Dendrosomal curcumin suppresses metastatic breast cancer in mice by changing m1/m2 macrophage balance in the tumor microenvironment.
Asian Pac J Cancer Prev. 2015 ;16(9):3917-22. PMID: 25987060
Curcumin, a lipid-soluble compound extracted from the plant Curcuma Longa, has been found to exert immunomodulatory effects via macrophages. However, most studies focus on the low bioavailability issue of curcumin by nano and microparticles, and thus the role of macrophages in the anticancer mechanism of curcumin has received little attention so far. We have previously shown the potential biocompatibility, biodegradability and anti-cancer effects of dendrosomal curcumin (DNC). In this study, twenty-seven BALB/c mice were equally divided into control as well as 40 and 80 mg/kg groups of DNC to investigate the involvement of macrophages in the antitumor effects of curcumin in a typical animal model of metastatic breast cancer. At the end of intervention, the tumor volume and weight were significantly reduced in DNC groups compared to control (P<0.05).

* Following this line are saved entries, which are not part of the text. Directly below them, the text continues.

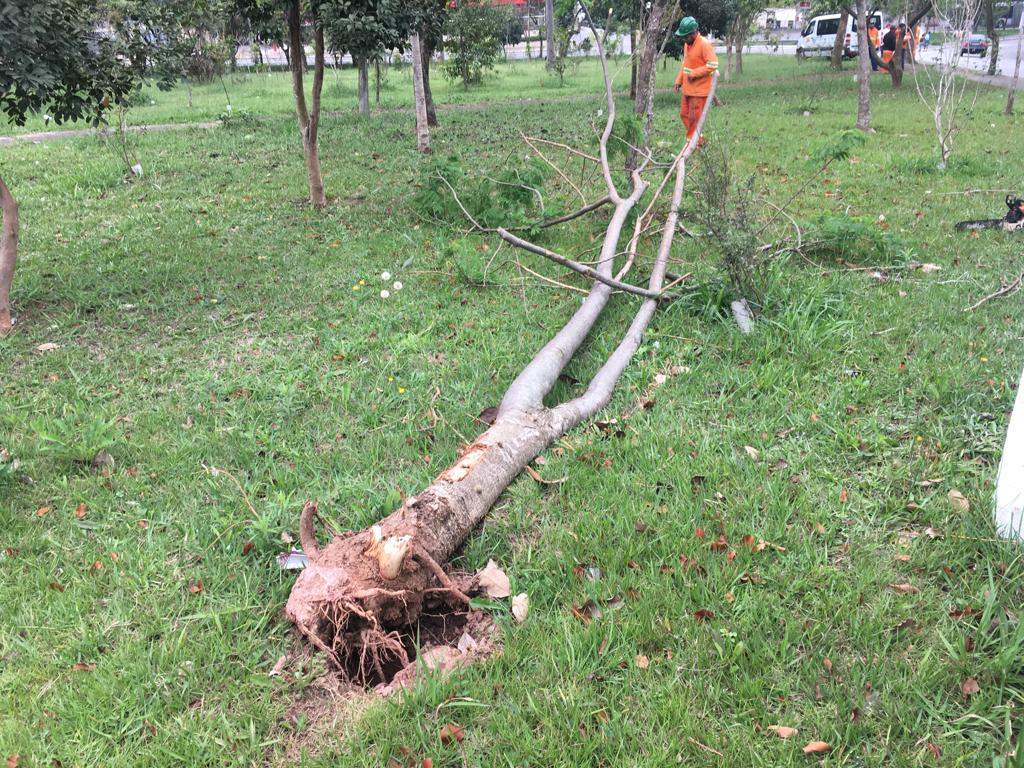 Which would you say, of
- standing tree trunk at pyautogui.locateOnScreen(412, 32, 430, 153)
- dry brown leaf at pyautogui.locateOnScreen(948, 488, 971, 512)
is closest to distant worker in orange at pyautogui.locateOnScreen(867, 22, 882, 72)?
standing tree trunk at pyautogui.locateOnScreen(412, 32, 430, 153)

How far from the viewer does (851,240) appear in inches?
207

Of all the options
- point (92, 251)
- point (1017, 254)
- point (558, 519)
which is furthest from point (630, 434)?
point (92, 251)

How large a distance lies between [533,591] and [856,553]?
3.80 feet

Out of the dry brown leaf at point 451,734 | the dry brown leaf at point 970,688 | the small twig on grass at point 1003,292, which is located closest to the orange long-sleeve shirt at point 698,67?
the small twig on grass at point 1003,292

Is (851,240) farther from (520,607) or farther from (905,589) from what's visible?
(520,607)

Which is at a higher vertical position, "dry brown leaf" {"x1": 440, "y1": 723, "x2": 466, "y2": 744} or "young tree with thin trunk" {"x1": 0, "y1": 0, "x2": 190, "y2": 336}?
"young tree with thin trunk" {"x1": 0, "y1": 0, "x2": 190, "y2": 336}

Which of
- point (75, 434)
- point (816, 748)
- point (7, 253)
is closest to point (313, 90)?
point (7, 253)

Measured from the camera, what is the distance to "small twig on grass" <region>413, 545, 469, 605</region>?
7.93 feet

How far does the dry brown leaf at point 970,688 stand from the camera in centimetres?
199

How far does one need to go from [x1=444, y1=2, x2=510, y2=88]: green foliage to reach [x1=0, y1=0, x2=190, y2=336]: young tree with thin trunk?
46.8 feet

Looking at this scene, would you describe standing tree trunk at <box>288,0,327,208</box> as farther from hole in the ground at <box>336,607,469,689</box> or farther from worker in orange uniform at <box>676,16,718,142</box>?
hole in the ground at <box>336,607,469,689</box>

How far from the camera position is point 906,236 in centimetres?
594

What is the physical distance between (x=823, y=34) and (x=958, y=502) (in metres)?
32.1

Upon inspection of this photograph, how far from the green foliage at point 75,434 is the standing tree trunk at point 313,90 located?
13.7 ft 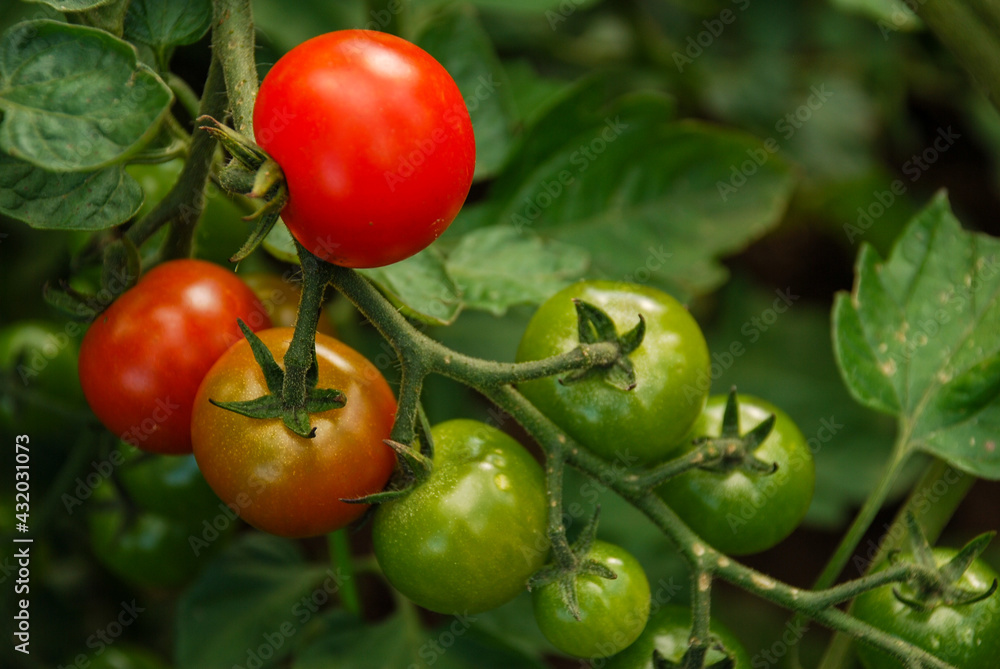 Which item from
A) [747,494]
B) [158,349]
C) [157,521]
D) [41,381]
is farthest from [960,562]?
[41,381]

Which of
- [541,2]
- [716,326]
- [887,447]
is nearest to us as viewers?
[541,2]

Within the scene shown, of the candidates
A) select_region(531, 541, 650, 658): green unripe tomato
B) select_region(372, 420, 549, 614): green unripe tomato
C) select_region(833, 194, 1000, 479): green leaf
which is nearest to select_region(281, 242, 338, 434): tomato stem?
select_region(372, 420, 549, 614): green unripe tomato

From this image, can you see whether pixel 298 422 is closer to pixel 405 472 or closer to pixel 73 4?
pixel 405 472

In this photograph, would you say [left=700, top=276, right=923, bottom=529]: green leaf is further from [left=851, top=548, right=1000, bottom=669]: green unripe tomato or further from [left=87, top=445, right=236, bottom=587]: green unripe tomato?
[left=87, top=445, right=236, bottom=587]: green unripe tomato

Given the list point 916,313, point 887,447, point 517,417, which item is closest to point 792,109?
point 887,447

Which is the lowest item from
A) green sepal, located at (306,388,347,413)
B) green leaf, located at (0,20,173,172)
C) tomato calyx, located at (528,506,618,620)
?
tomato calyx, located at (528,506,618,620)

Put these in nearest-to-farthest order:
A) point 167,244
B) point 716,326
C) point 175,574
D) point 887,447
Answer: point 167,244, point 175,574, point 887,447, point 716,326

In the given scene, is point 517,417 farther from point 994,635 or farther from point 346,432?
point 994,635
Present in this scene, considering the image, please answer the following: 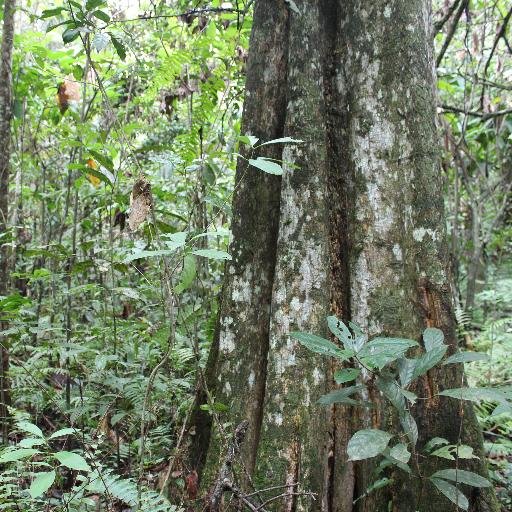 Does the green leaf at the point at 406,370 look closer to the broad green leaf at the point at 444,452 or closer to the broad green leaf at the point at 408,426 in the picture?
the broad green leaf at the point at 408,426

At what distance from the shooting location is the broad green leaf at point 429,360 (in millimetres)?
1832

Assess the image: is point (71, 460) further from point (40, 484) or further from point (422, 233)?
point (422, 233)

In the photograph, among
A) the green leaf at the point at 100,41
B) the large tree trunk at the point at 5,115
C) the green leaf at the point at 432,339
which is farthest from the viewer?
the large tree trunk at the point at 5,115

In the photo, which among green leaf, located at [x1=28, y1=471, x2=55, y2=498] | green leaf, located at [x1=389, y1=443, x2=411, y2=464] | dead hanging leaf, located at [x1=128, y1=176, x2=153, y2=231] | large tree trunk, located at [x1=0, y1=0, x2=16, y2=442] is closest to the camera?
green leaf, located at [x1=28, y1=471, x2=55, y2=498]

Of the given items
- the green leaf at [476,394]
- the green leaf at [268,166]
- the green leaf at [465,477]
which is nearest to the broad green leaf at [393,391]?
the green leaf at [476,394]

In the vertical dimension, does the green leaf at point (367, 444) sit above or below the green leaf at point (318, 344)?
below

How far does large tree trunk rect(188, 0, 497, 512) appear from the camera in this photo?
7.17 ft

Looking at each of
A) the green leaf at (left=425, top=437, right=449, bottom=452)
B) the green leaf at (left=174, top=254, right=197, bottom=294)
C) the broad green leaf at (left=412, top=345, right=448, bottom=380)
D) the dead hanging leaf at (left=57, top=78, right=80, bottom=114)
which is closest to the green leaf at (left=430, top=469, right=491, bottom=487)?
the green leaf at (left=425, top=437, right=449, bottom=452)

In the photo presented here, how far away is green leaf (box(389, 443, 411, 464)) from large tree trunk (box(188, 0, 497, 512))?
403 mm

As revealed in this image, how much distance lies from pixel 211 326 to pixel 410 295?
1.46 meters

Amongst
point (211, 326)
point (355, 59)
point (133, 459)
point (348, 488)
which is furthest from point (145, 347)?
point (355, 59)

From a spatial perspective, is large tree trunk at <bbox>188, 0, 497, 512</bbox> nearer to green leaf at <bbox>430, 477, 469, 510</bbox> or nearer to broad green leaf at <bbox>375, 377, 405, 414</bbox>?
green leaf at <bbox>430, 477, 469, 510</bbox>

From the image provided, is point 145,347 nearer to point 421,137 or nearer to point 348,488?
point 348,488

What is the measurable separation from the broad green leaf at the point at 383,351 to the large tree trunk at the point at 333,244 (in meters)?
0.43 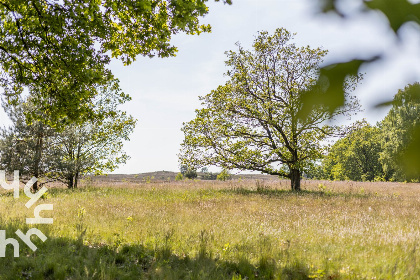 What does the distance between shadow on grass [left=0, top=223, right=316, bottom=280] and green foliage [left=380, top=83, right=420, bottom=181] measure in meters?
4.75

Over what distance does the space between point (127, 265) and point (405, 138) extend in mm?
5805

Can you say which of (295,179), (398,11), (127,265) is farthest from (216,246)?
(295,179)

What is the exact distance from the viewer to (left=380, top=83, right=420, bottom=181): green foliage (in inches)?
29.3

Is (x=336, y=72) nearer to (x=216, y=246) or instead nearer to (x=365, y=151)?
(x=365, y=151)

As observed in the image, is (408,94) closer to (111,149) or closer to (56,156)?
(56,156)

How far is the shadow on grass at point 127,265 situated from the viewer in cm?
513

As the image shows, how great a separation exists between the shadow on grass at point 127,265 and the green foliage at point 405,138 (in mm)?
4749

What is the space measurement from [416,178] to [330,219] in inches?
374

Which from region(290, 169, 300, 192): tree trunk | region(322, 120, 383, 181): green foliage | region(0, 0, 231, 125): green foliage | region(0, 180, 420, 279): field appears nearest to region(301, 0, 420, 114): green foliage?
region(322, 120, 383, 181): green foliage

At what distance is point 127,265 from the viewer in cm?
564

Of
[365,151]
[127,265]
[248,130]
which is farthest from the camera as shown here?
[248,130]

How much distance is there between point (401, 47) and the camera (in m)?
0.76

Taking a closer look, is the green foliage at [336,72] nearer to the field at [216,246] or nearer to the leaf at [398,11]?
the leaf at [398,11]

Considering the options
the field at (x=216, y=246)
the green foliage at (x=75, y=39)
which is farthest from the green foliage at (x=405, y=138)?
the green foliage at (x=75, y=39) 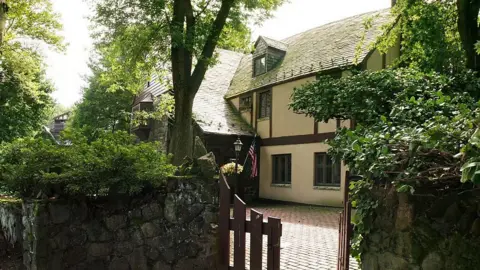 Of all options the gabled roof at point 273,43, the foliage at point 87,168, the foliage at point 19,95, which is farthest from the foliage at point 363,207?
the foliage at point 19,95

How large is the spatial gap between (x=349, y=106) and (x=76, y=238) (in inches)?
204

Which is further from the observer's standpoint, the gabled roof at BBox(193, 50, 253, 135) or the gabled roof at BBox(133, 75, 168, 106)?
the gabled roof at BBox(133, 75, 168, 106)

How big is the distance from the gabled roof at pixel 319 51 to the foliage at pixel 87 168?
10750 millimetres

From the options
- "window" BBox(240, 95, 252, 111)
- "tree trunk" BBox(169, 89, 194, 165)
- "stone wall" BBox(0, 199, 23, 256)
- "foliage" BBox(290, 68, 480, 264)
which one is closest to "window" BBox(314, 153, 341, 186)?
"window" BBox(240, 95, 252, 111)

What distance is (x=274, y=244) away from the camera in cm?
387

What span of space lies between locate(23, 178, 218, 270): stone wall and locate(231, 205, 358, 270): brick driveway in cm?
154

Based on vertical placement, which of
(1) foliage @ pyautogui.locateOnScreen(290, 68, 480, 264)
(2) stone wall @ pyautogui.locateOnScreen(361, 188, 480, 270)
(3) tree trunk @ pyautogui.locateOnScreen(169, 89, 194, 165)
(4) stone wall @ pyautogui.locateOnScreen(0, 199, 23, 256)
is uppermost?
(3) tree trunk @ pyautogui.locateOnScreen(169, 89, 194, 165)

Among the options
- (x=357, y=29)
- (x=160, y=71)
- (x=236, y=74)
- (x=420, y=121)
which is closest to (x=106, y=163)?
(x=420, y=121)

Histopathological data showed the presence of macrophages in tumor and spleen tissues. Real-time PCR results showed that DNC increased the expression of STAT4 and IL-12 genes in tumor and spleen tissues in comparison with control (P<0.05), referring to the high levels of M1 macrophages. Furthermore treatment with DNC decreased STAT3, IL-10 and arginase I gene expression (P<0.05), indicating low levels of M2 macrophage. The results confirm the role of macrophages in the protective effects of dendrosomal curcumin against metastatic breast cancer in mice.